Fulton of Marstal is a 3-mast schooner from 1915, built to transport dried and salted cod from Newfoundland to the Mediterranean. Nowadays, the ship is an active part of the Danish Maritime Heritage.

Scroll ned

Fulton of Marstal

Youth at sea

Most weeks during the sailing season school class sail Fulton. We offer 5-day trips to ordinary school classes, where students take part in all kinds of practical work. For example hoisting the sails, cooking dinner, cleaning and night shifts. Danish Sail Training Association (DSTA) join us a couple of times a year. When they are on board we increase focus on tall ship sail training and practical seamanship.

On Fulton of Marstal a small group of vulnerable youngsters also work to find a good direction in life. We offer young people with different kinds of difficulties to live on board for longer periods of time. While on board the youngsters work side by side with the crew. Where we work to improve their skills as well as their belief in own abilities. Our wish is to motivate to education or employment and finaly enable youngsters to live a fulfilled life.

The organization “Fulton Fonden” takes care of the daily operations and maintenance of the ship. While we work under the motto: “We work together to make good days for each other”. Fulton of Marstal is owned by the Danish National Museum.

Maritime history

Journey through time

Sailing a tall ship like Fulton of Marstal feels like a journey through time, where maritime history is present and relevant. Standing on the deck, it is easy to picture working life on ships like Fulton 100 years ago.

These ships carried cargo to large parts of the world in the 19th century. Danish shipping today is based on the seamanship that was founded on board small, tall ships like Fulton, where thousands of sailors lived and worked on board under primitive conditions and in all kinds of weather.

Newfoundland trade

Salted and dried cod

Transporting cargo of dried and salted cod from Newfoundland near Canada to southern Europe was very attractive in the early 1900s and payment was good. On this route, small tall ships could still compete with the more reliable steamships, for whom waiting was expensive.

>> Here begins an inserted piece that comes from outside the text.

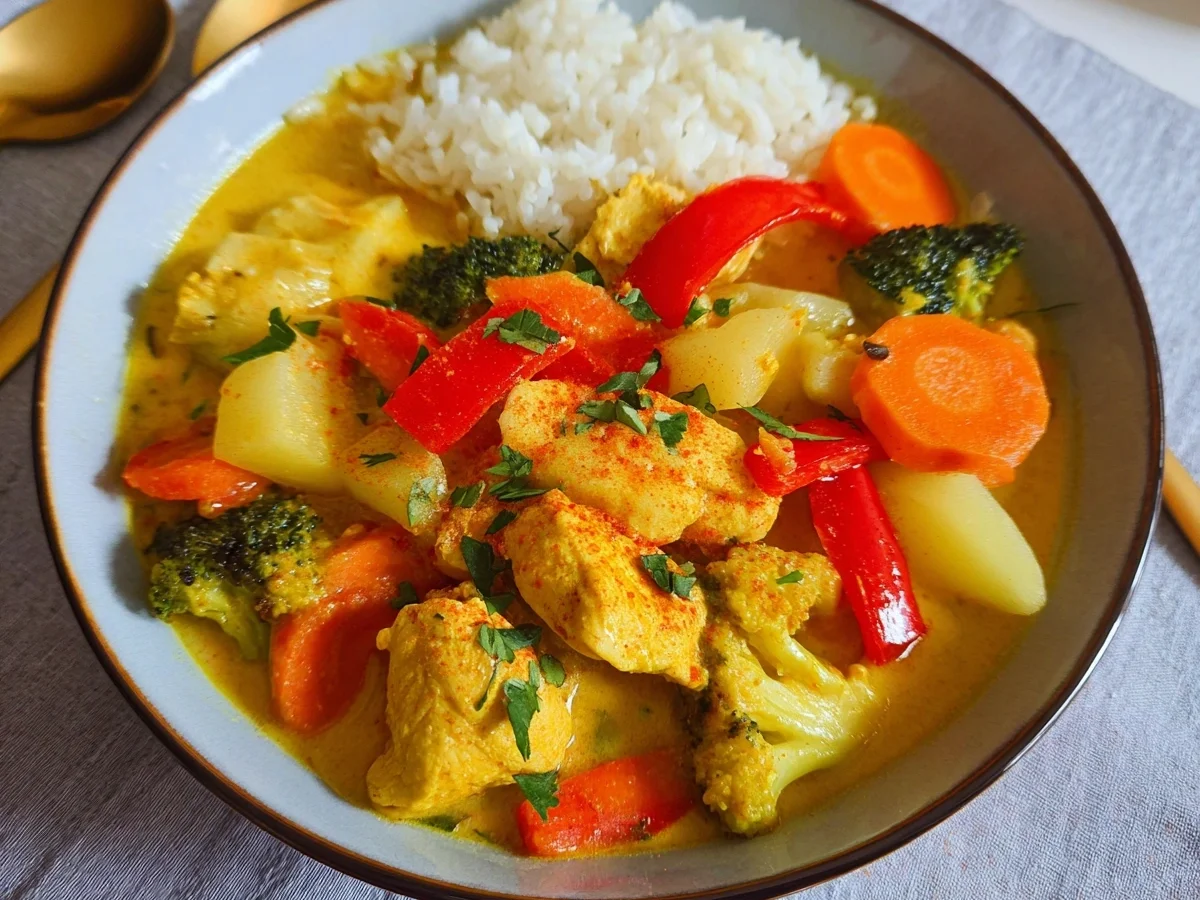 Hähnchen Curry mit Gemüse & Kokosmilch: Gesund, Schnell - Bild 1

The salted and dried cod was popular in the Catholic countries in the Mediterranean, where no meat was eaten during fasting. The ships loaded the fish from natural harbors in Newfoundland, where it could take weeks before the ship was fully loaded. Waiting time was spent maintaining the ship.

Before loading the fish, the cargo hold was cleaned, branches of spruce were laid down beside the keel, which left the bottom in level. Bottom and sides were covered by dense layers of birch bark to protect the fish from rusty nails. Wooden carts, each loaded with 50 kg of fish, was carried on board by two men. Carefully the fish was stacked in horizontal rows, where each fish covered 4/5 of the previous one. To ensure a stable load on the journey and fish in good condition when unloaded.